◆ **REQUIRED ACTION**
Please output only the lines that begin at the line with "Tagliatelle topped with" and run through the end of the entries below, exactly as written. Drop all pictures.

[Opening RECORD SET section]

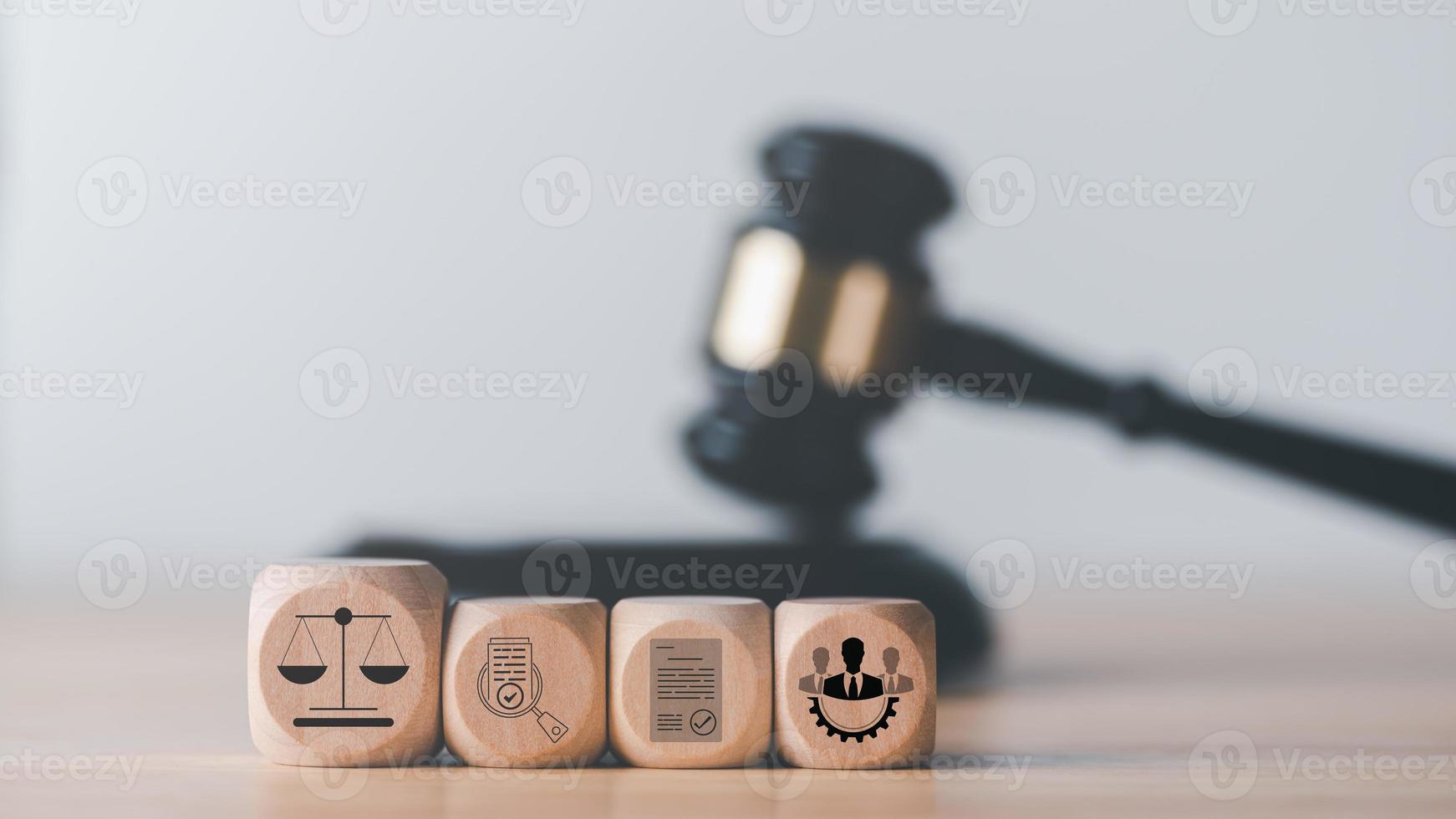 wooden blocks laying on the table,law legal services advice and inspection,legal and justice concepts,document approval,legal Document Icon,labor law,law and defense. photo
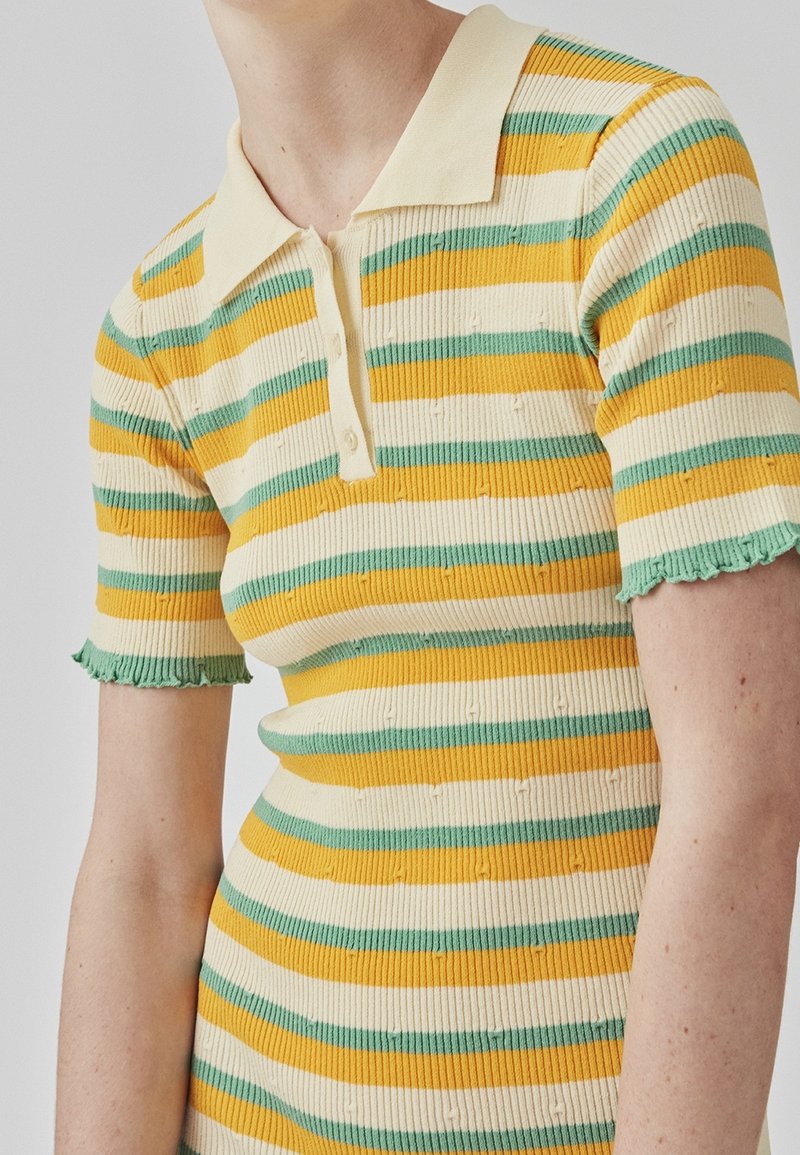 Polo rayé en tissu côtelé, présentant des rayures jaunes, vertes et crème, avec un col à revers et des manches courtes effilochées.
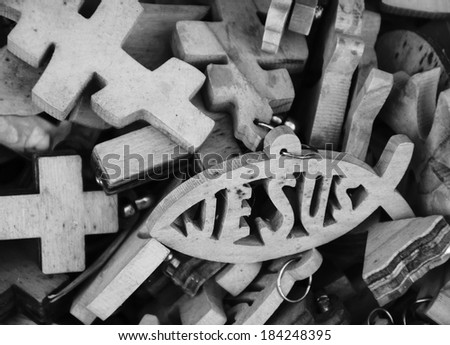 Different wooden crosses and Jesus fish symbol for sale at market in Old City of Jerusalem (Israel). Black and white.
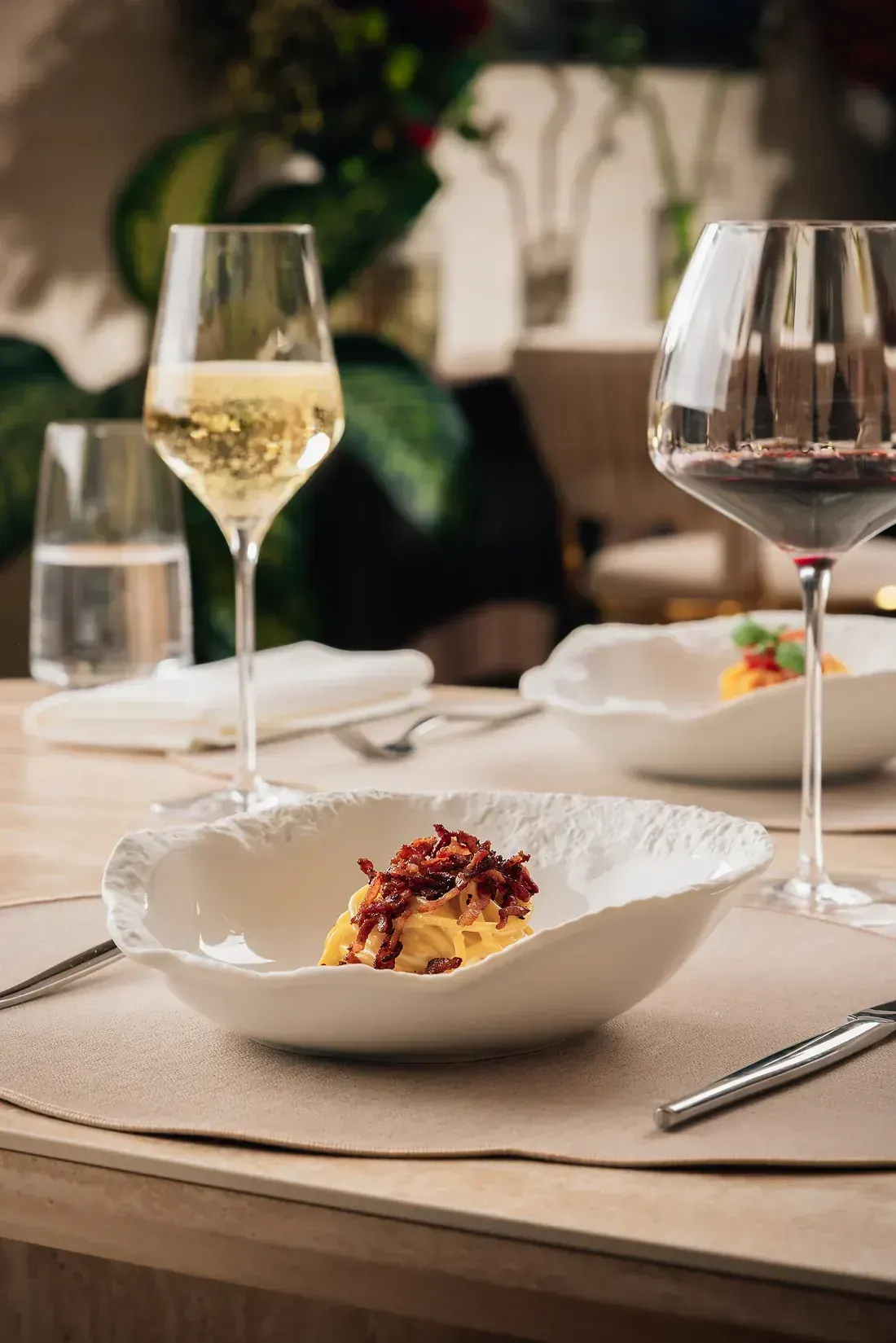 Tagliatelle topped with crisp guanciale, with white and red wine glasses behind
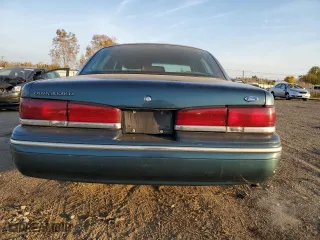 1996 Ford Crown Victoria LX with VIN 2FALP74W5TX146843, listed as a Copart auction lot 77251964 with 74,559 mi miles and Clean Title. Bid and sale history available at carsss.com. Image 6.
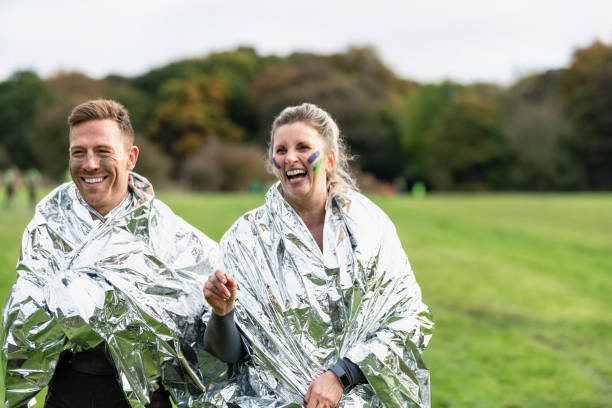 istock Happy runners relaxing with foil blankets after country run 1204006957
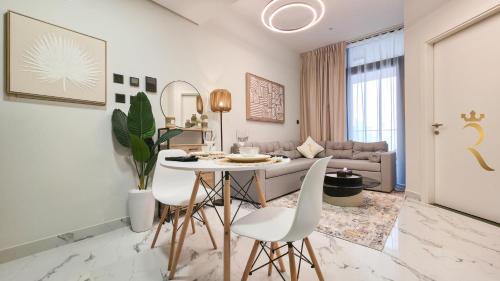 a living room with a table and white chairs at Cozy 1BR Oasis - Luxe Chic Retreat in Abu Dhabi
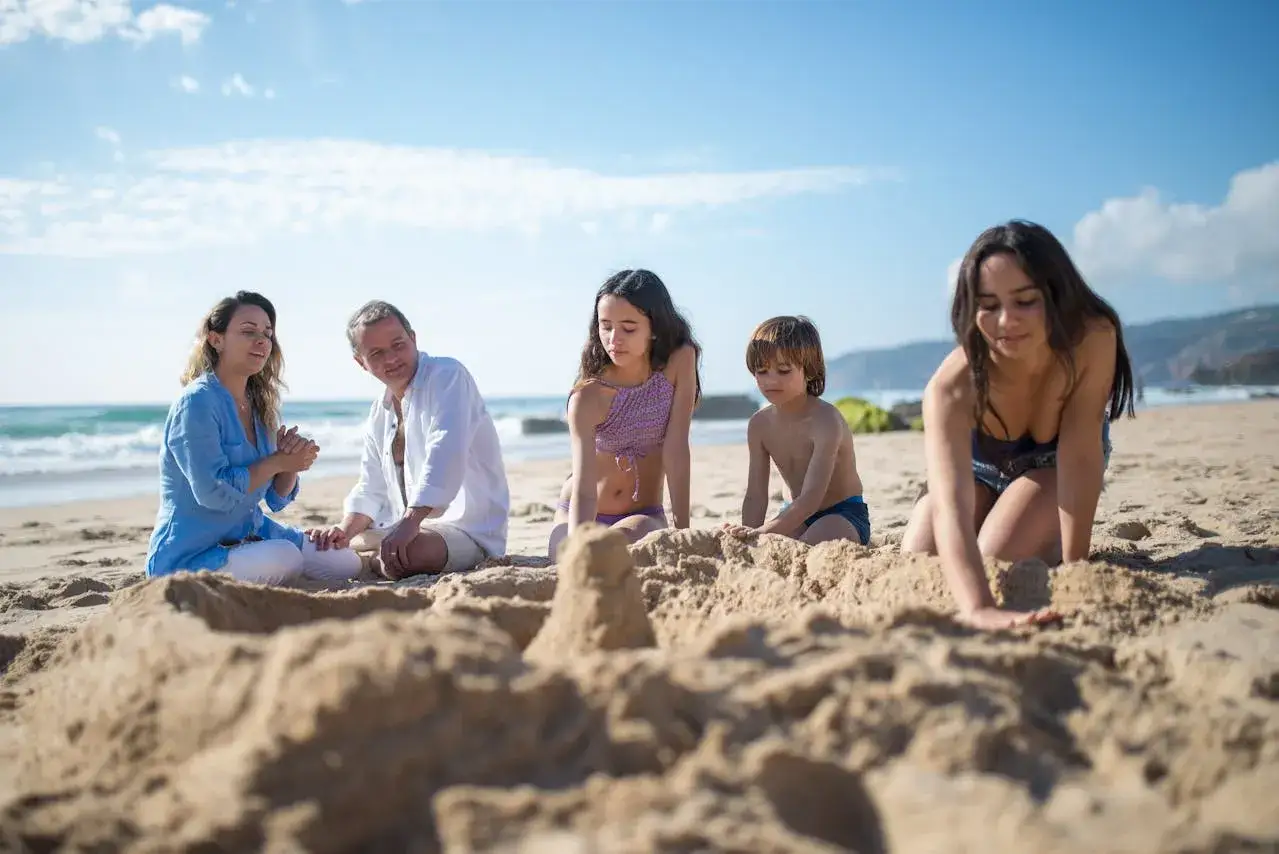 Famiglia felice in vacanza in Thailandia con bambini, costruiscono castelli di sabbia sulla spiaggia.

[Closing RECORD SET section]

◆ **PROBLEM SOLUTION**
 Tagliatelle topped with crisp guanciale, with white and red wine glasses behind
 1996 Ford Crown Victoria LX with VIN 2FALP74W5TX146843, listed as a Copart auction lot 77251964 with 74,559 mi miles and Clean Title. Bid and sale history available at carsss.com. Image 6.
 istock Happy runners relaxing with foil blankets after country run 1204006957
 a living room with a table and white chairs at Cozy 1BR Oasis - Luxe Chic Retreat in Abu Dhabi
 Famiglia felice in vacanza in Thailandia con bambini, costruiscono castelli di sabbia sulla spiaggia.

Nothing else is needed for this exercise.